The show is a little hard to follow. Everyone has either screwed, is currently screwing, or wants to screw everybody else—financially and otherwise. But the cast is easy on the eyes, things move quickly, and there are a few chuckles scattered among the bromides that are supposed to be profoundly telling. Take this deep thought from Grimes: “There is no truth. Companies do what they want with the numbers.”
The production is stylized—there’s a shimmying secretary (who triples as a stripper and Grimes’ trophy wife), and characters briefly tango during transitions. And the cursing. Oh, my f****** God, the cursing. The script contains so many F-bombs, David Mamet would blush.
The best—and most accurate—moments come before the show starts. With the houselights still on, Hap and Buck are at the X-shaped trading turret. As they talk on multiple phones and type furiously, they down caffeine-laden drinks, throw objects and balls at one another, fart at each other, attempt to grope the assistant, and have a push-up contest. That’s a pretty realistic encapsulation of a 10-hour day on the trading floor.
Of course, making a compelling drama/comedy out of the lives of hedge-fund managers was always going to be a difficult task. Hedgies are objects of great interest, largely because of their compensation and the assets they control. But by and large, they’re hardworking numbers adepts—you have to get up very early in the morning if you want to beat the market—who lead a pretty tenuous life. One bad year, and the trading turrets go dark.
Burleigh Grime$ is clearly trying to be of the moment. As is the current vogue, the band is on the two-tiered stage—two hard-driving sets of drummers on top, flanking the TV studio from which Elizabeth Bigley reports. And there are scripted video cameos starring James Cramer, the current King of All Financial Media.
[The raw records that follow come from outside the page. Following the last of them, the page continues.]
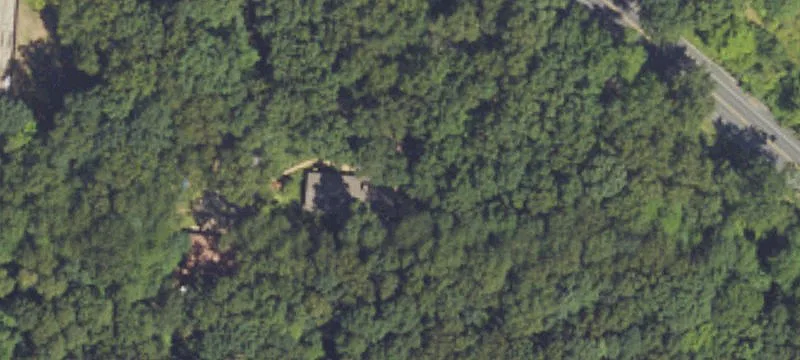 Land Available For Lease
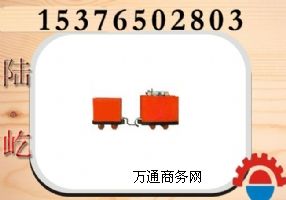 Һվ,BH-160/12.5-G軯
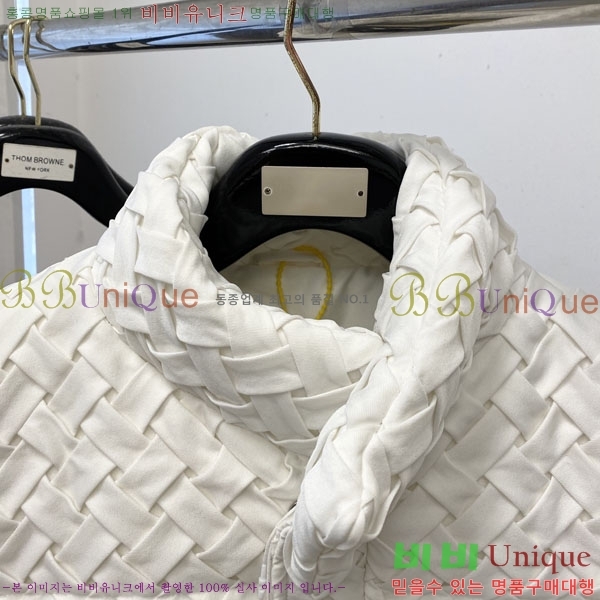 ���� ���װ�����Ÿ �ٿ� �е� BV1562169-1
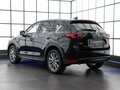 2020 Mazda CX-5 II, чёрный, 2869000 рублей - вид 6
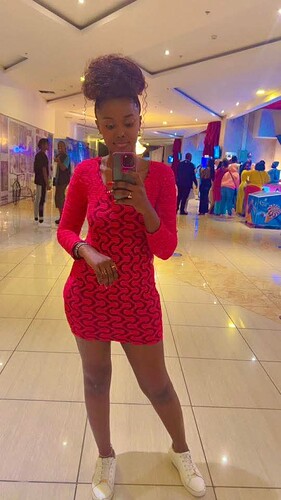 FB_IMG_1751217979772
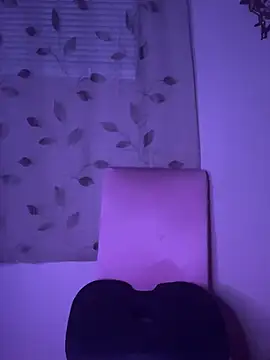 rayemillian live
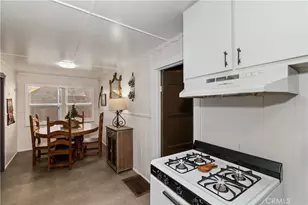 435 Arroyo, Big Bear Lake, CA 92315 - Photo 15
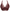 Soutien-gorge emboîtant - PrimaDonna Twist - First Night - Rouge - null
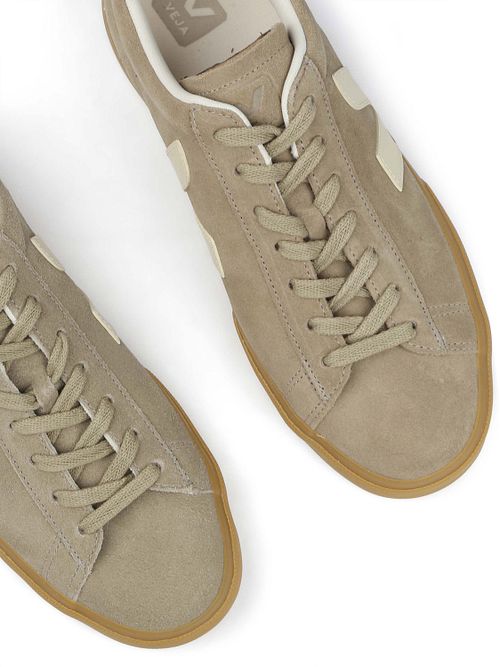 Veja Campo Zapatillas Taupe Product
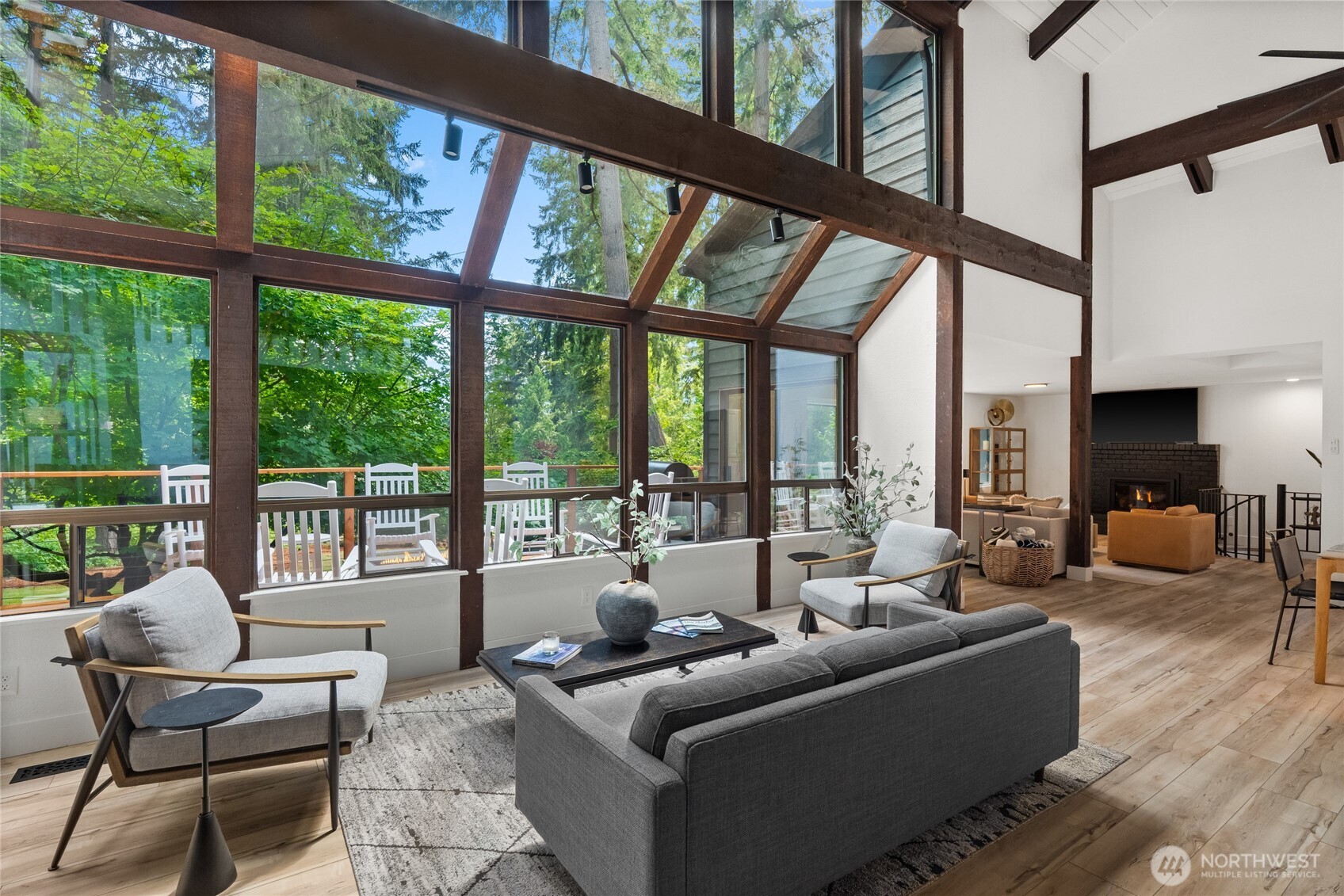 6018 53rd Street NW, Gig Harbor, WA 98335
Yet the show is a bit dated. Grimes wears a suit, suspenders, a red tie, a shirt with a white collar—the uniform circa 1986. And a lot of the financial talk is random, as if someone fed items from the Wall Street Journal into a computer program and it spat stuff back out. Such lag and oversimplification always happen when the popular-culture machine tries to process financial high jinks. Wall Streetcame out in 1987, just in time for the crash. Other People’s Money, an off-Broadway play in 1989, was made into a movie in 1991, just as the recession was starting. And by the time the film version of Barbarians at the Gate,that fine postmortem on the 1980s,came out in 1993, the new bull market was already starting. So, it’s no surprise that the Burleigh Grime$ premiere comes when commentators are discussing the prospect of some hedge funds having to liquidate amid the recent market turmoil.
The New York theater scene, today, as always, is banking on nostalgia. There’s early ‘60s nostalgia ( Jersey Boys), mid-’80s nostalgia ( The Wedding Singer) and early ‘90s nostalgia ( Rent). So, the modus operandi of Grimes and Bigley is very 1990s. Sure, there are plenty of traders who try to manufacture buzz and trade off it. But today’s hedge-fund big shots play a deeper game. The trading strategies of the biggest funds are fueled by proprietary algorithms. And the real big shots, like Eddie Lampert and Carl Icahn, are seeking profits by bidding for control of entire companies and getting involved in corporate governance. Besides, you couldn’t imagine trying to move a stock by getting a hot CNBC reporter to mention it—nobody really watches anymore.
So, a little sex, a lot of compromised and corrupt professionals, and an abrupt and confusing ending. Yep, it’s a lot like the late 1990s.